Material for the task Start Marker

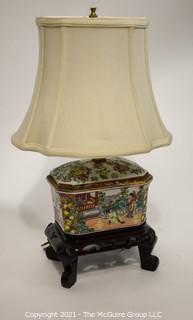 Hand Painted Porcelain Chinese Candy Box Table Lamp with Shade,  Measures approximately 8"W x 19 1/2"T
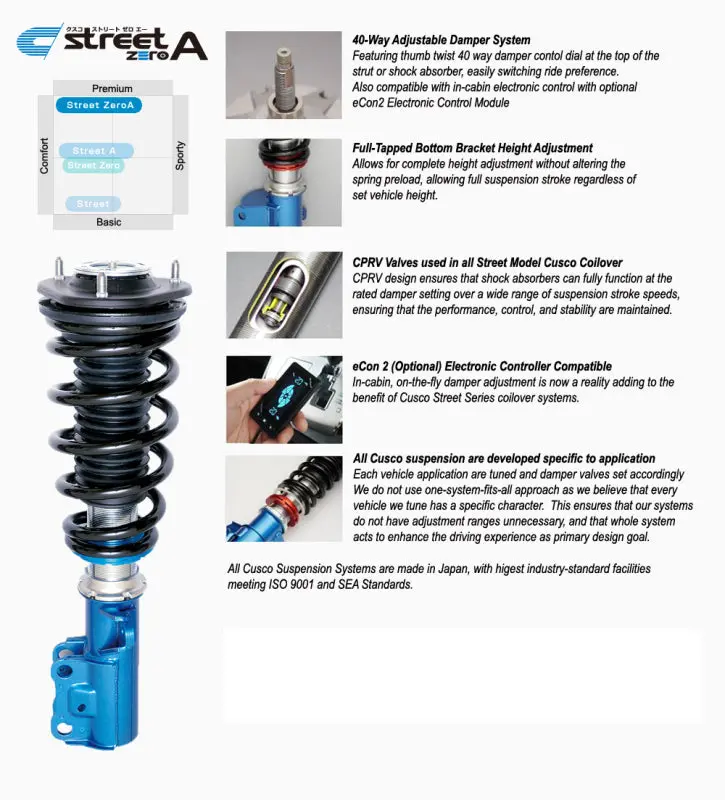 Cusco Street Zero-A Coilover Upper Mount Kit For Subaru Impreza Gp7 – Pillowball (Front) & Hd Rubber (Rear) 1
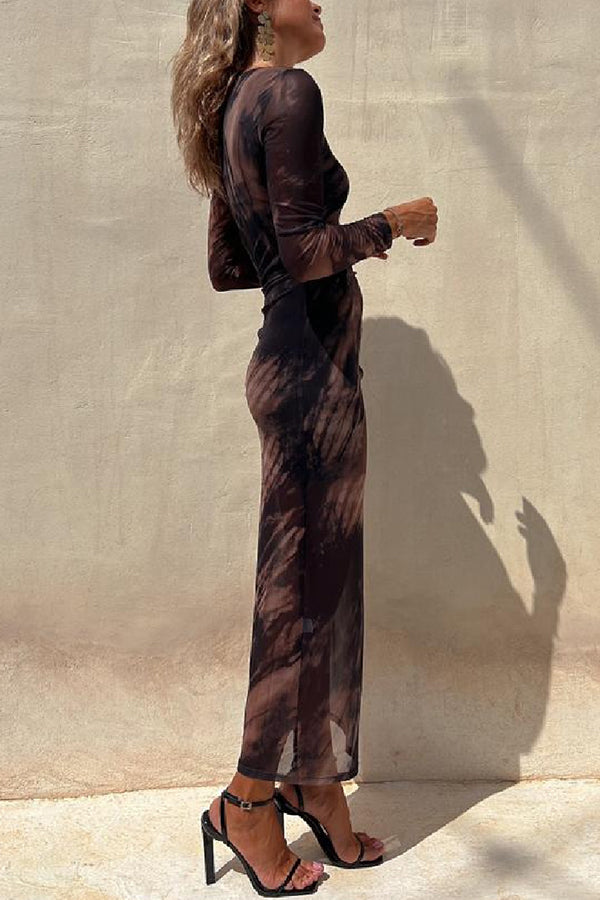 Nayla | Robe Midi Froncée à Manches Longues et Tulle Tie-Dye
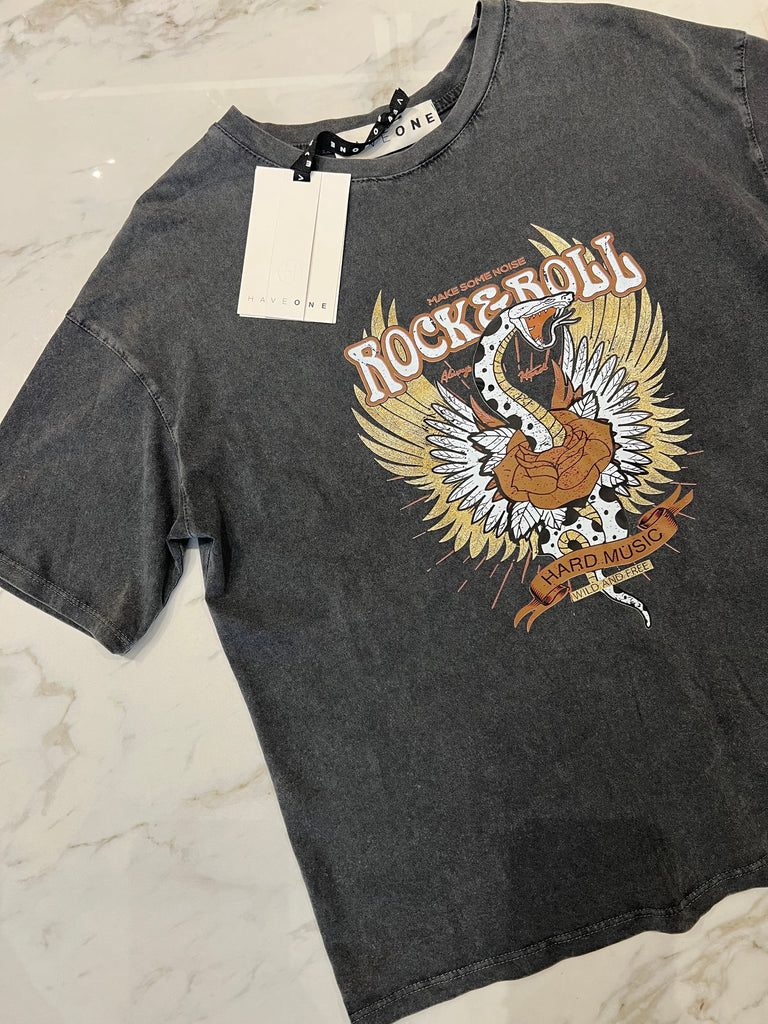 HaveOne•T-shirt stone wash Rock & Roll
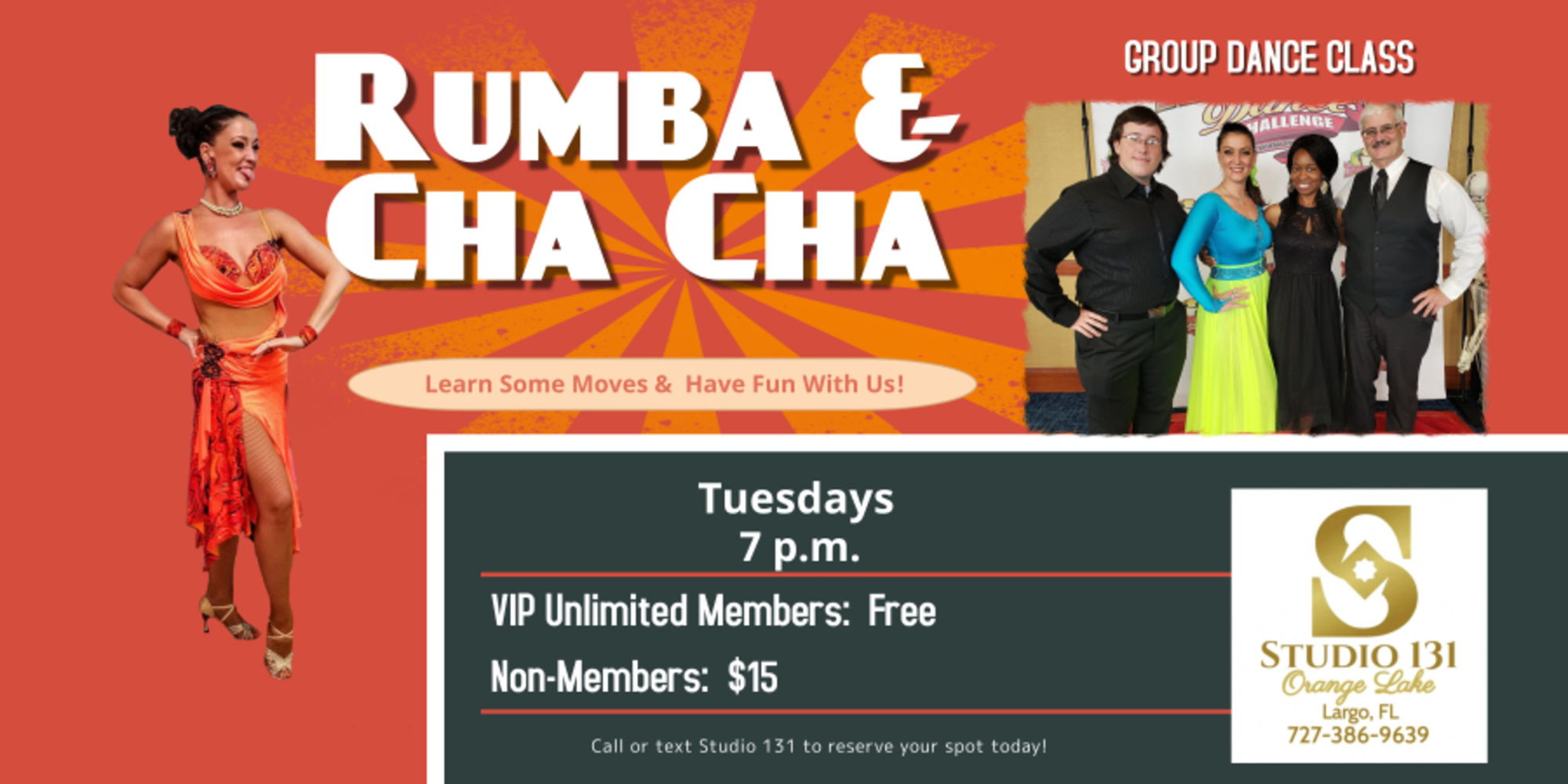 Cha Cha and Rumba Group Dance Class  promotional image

Material for the task End Marker

#### [What is being asked]
What is needed is an exact copy of all the records, minus any pictures.

#### [Response area]
 Hand Painted Porcelain Chinese Candy Box Table Lamp with Shade,  Measures approximately 8"W x 19 1/2"T
 Cusco Street Zero-A Coilover Upper Mount Kit For Subaru Impreza Gp7 – Pillowball (Front) & Hd Rubber (Rear) 1
 Nayla | Robe Midi Froncée à Manches Longues et Tulle Tie-Dye
 HaveOne•T-shirt stone wash Rock & Roll
 Cha Cha and Rumba Group Dance Class  promotional image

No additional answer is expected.